Did you think to pray?
We are all probably familiar with the hymn, Did you think to pray? It is a song that is found in most hymnals and when sung it admonishes its singers to contemplate the importance of prayer in their daily lives. While the majority of songs sang week-to-week are of praise and adoration to our heavenly Father, this song speaks primarily to the singer. The entire song originates around the simple question, Did you think to pray? From the very first verse, the writer is asking the singer to seriously evaluate his daily prayers –
Before you left your room this morning, Did you think to pray? In the name of Christ, our Savior, Did you sue for loving favor, As a shield today?
While these questions are rhetorical and can be easily answered, they still deserve a fair and honest answer.
When we begin to study the Bible, prayer certainly becomes a familiar sight in almost every Bible character from the beginning to the end. Strong and courageous Bible characters one after another are continually noted for their habitual prayers and open communication with God. The great king David, a man after God’s own heart, wrote numerous Psalms praying for forgiveness, deliverance, protection, etc. Another good king, Hezekiah, when confronted with the invasion of Sennacherib went to God in prayer and was spared from invasion when God sent an angel and destroyed 180,000 men of the Assyrian army in one night (2 Chronicles 33:20-21). While these two examples only begin to scratch the surface, the need of prayer and the strength of one’s spiritual life are found to be uniquely tied throughout the Old Testament.

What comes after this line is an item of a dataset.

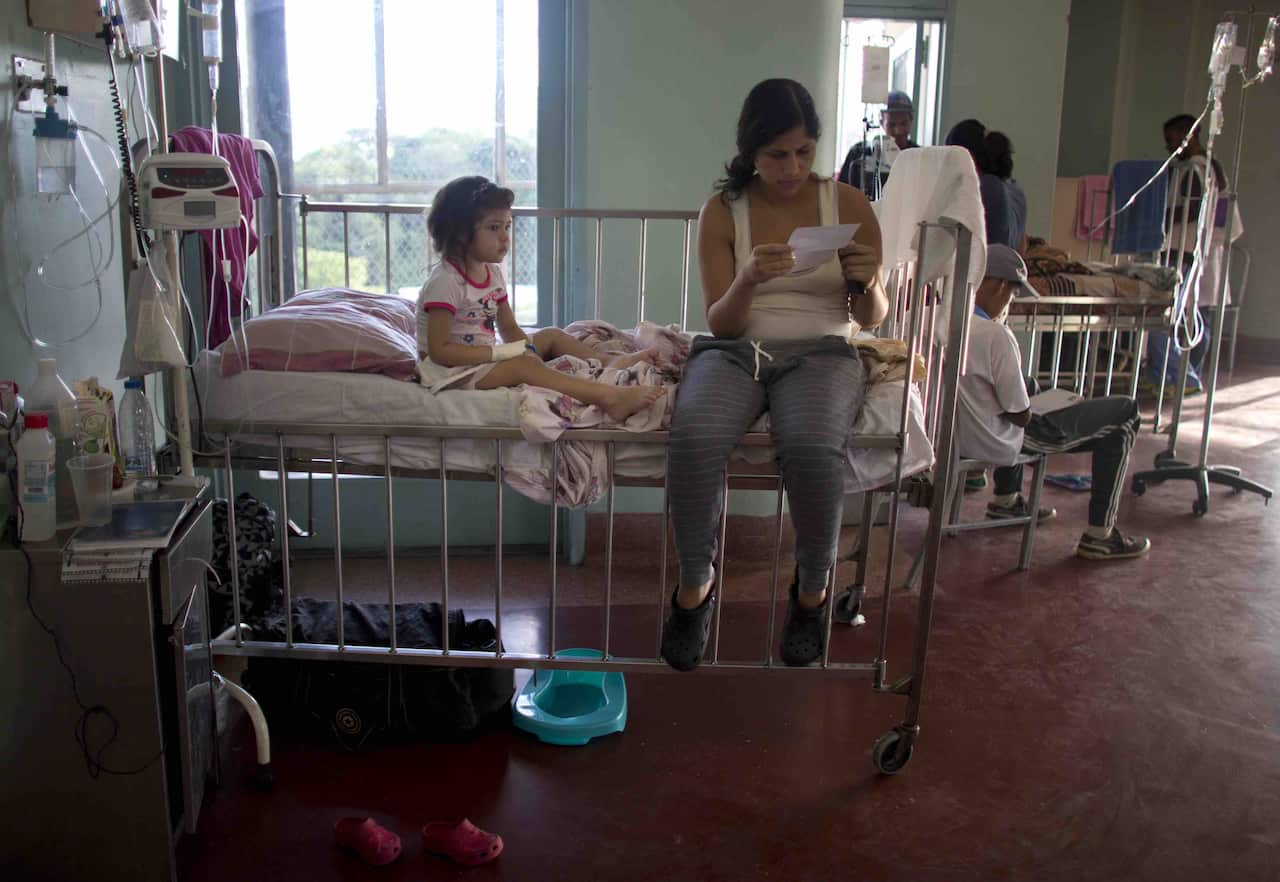 Three-year-old Ashley and her mother Oriana at a Caracas hospital in 2016.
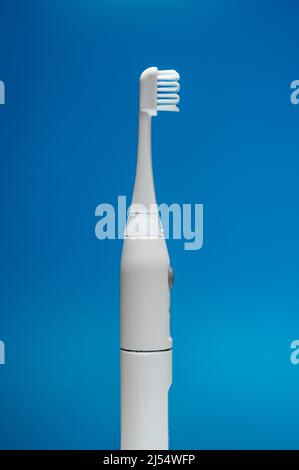 Brosse à dents électrique à ultrasons sur fond bleu. Banque D'Images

When we move into the New Testament, prayer again becomes a focal point in Jesus’ daily life. Jesus would routinely withdraw Himself by going either into a secluded area, the wilderness, garden or mountain to pray alone (Mark 1:35; Matthew 14:23). It was Jesus who prayed thanksgiving for the food and then fed five thousand men on one occasion and four thousand on another (Matthew 14:19; 15:36). It was His influence and daily prayer life that convicted His own disciples to ask, “Lord, teach us to pray just as John also taught his disciples” (Luke 11:1). It was Jesus who went up on the mountain to pray, and while He was praying was transfigured (Luke 9:28-29). It was Jesus who, on the night of betrayal, prayed for Himself, His disciples, and all who would believe on Him through their word (John 17). It was Jesus who prayed three times for His Father’s will to be done (Mark 14:32-42). While dying upon the cross, Jesus prayed for the forgiveness of His enemies sins (Luke 23:34). In His final moments, Jesus committed Himself to prayer and said, “Father, into Your hands I commit My spirit” (Luke 23:46). The importance of prayer in our daily lives cannot be dismissed when it is evident throughout the life of Jesus. For if prayer was of this great importance for the Son of God, how much more should it be to us?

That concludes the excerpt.